Hari Raya Iduladha bukan sekadar seremoni individual biasa, melainkan momentum penting untuk menampilkan nilai-nilai kemanusiaan, kepedulian, solidaritas, dan kemaslahatan sosial.
Dalam pandangan Islam, perayaan kurban tidak hanya dianggap sebagai pelaksanaan perintah Allah Swt semata, tetapi juga sebagai simbol wujud rasa syukur kepada-Nya. Hal ini tercermin dengan konsep rahmatan lil ‘alamin, yang mengajarkan umat Muslim untuk menjadi agen penyebar kebaikan bagi seluruh makhluk ciptaan-Nya. Sebagaimana terekam dalam QS. Al-Ma’idah: 2:
وَتَعَاوَنُوْا عَلَى الْبِرِّ وَالتَّقْوٰىۖ وَلَا تَعَاوَنُوْا عَلَى الْاِثْمِ وَالْعُدْوَانِ ۖ
“Tolong-menolonglah kamu dalam (mengerjakan) kebajikan dan takwa, dan jangan tolong-menolong dalam berbuat dosa dan permusuhan.”
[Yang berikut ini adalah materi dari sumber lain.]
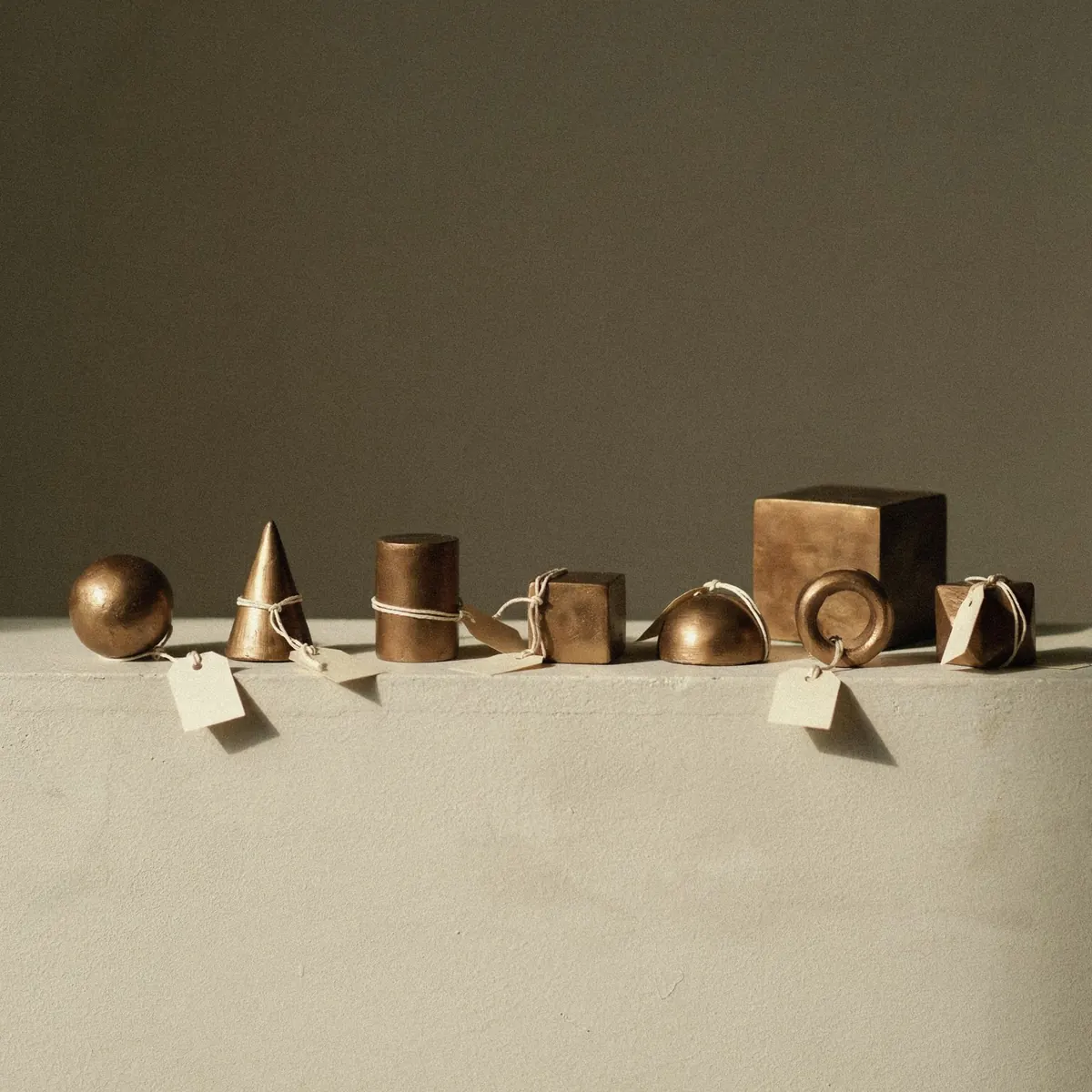 Seven bronze solids in a row on a pale plaster ledge, most tied with cord to blank paper tags: a sphere, cone, cylinder, cube, half-dome, ring and faceted block, with one larger untagged cube behind them against a dark olive wall in warm side light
Imam Ibnu Katsir dalam Tafsir Al-Qur’an Al-Azhim, menjelaskan bahwa pada ayat tersebut Allah Swt selaku as-syari’(pembuat hukum) mengajak para hamba-Nya yang beriman agar saling membantu dalam konteks kebaikan serta melarang tolong-menolong dalam hal kebatilan.
Dijelaskan dalam Kamus Al-Munawwir, bahwa term kurban secara etimologi berasal dari bahasa Arab “qariba-yaqrabu-qurban wa qurbanan wa qirbanan,”yang bermakna dekat. Maksudnya ialah upaya mendekatkan diri kepada Allah Swt dengan menegakkan berbagai perintah-Nya dan menjauhi segala yang dimurkai-Nya.
Dalam istilah agama kata kurban disebut “udhhiyah”bentuk plural dari kata “dhahiyyah”derivasi dari kata “dhaha”yang berarti waktu duha, yaitu penyembelihan hewan pada waktu duha antara tanggal 10 hingga 13 bulan Zulhijah. Dari praktik ini, kemudian lahir term Iduladha.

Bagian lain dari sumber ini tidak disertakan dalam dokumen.